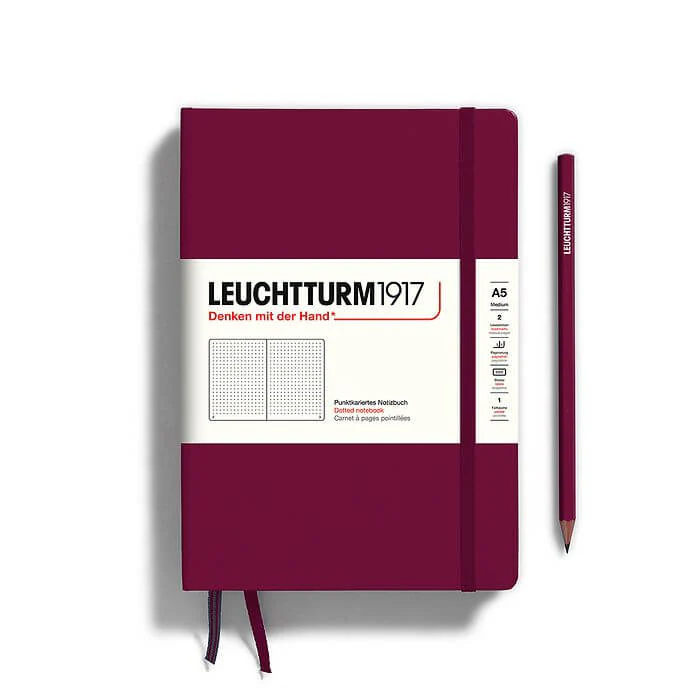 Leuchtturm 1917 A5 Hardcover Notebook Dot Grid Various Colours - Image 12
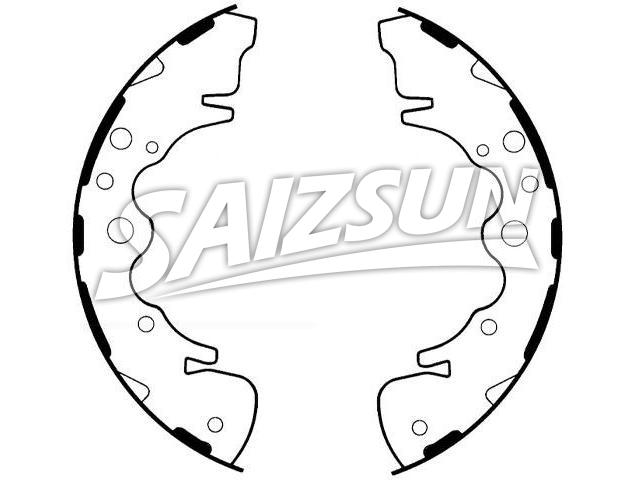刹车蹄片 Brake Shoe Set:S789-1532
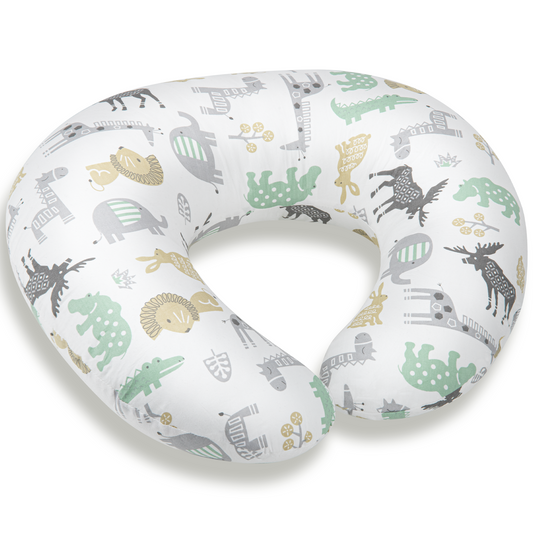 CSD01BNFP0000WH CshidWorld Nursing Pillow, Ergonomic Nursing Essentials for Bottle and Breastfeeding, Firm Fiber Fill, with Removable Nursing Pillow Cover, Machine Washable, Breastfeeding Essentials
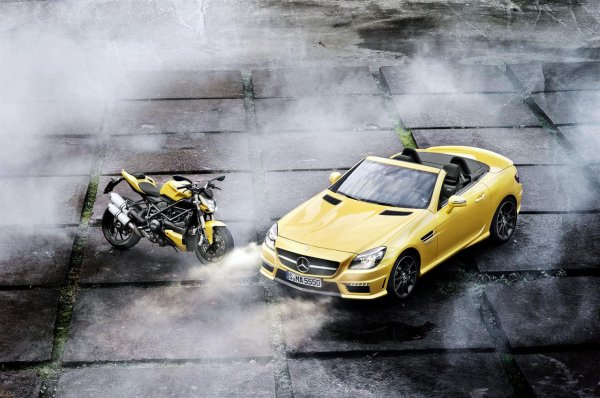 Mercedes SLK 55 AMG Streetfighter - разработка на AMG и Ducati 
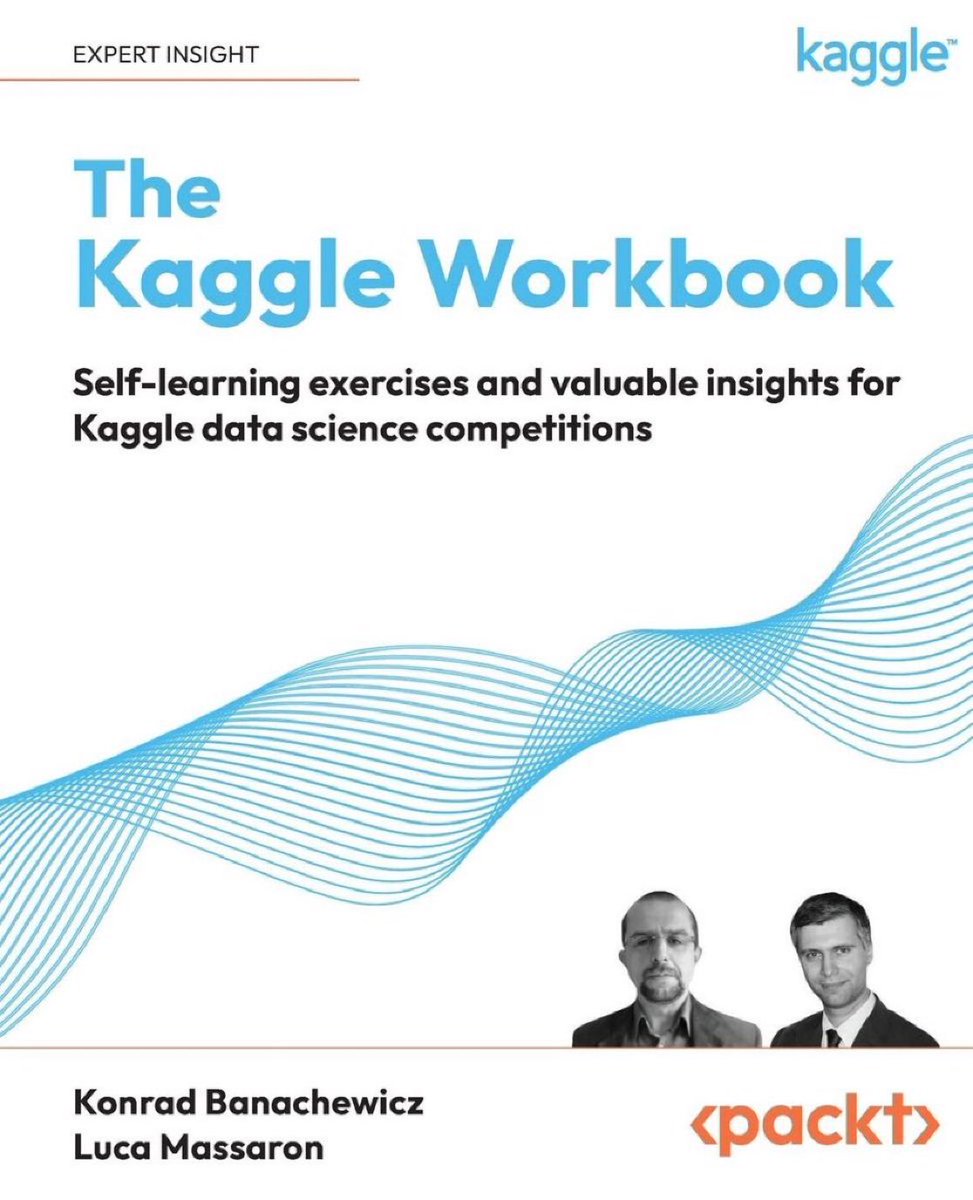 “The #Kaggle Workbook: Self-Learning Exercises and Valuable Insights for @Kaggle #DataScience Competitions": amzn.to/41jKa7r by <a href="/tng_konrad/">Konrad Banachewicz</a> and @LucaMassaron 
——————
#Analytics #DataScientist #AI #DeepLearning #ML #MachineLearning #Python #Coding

+++

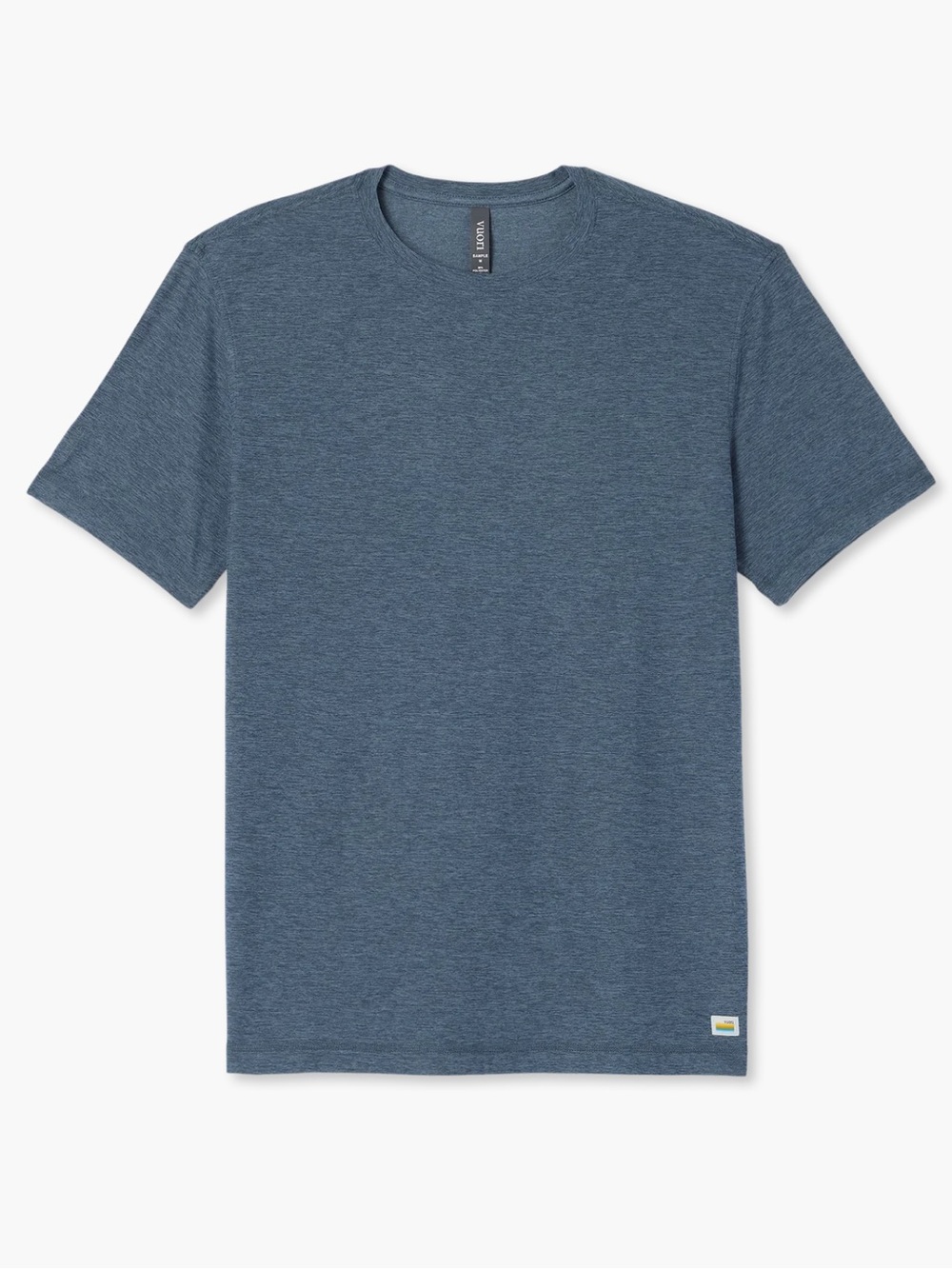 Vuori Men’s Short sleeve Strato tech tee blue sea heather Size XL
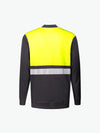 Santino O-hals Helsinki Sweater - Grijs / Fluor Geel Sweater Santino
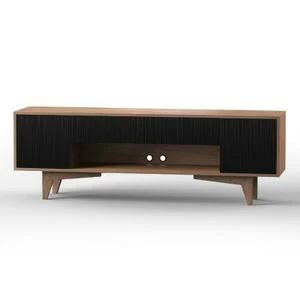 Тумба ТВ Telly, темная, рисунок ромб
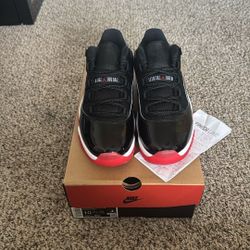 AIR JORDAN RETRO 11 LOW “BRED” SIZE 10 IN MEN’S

+++

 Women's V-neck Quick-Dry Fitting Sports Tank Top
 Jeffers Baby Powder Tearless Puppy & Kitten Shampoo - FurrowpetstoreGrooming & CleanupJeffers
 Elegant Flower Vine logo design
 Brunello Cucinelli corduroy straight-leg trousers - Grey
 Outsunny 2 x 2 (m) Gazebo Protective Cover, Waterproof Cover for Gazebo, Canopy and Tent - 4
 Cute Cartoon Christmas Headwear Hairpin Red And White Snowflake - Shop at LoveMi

+++

* YOUR OBJECTIVE: Among the entries above, take the lines from the one with "刹车蹄片 Brake Shoe Set:S789-1532" through the one with "#Analytics #DataScientist #AI" and retype them exactly, leaving out the pictures.

* TASK RESPONSE:
刹车蹄片 Brake Shoe Set:S789-1532
 CSD01BNFP0000WH CshidWorld Nursing Pillow, Ergonomic Nursing Essentials for Bottle and Breastfeeding, Firm Fiber Fill, with Removable Nursing Pillow Cover, Machine Washable, Breastfeeding Essentials
 Mercedes SLK 55 AMG Streetfighter - разработка на AMG и Ducati 
 “The #Kaggle Workbook: Self-Learning Exercises and Valuable Insights for @Kaggle #DataScience Competitions": amzn.to/41jKa7r by <a href="/tng_konrad/">Konrad Banachewicz</a> and @LucaMassaron 
——————
#Analytics #DataScientist #AI #DeepLearning #ML #MachineLearning #Python #Coding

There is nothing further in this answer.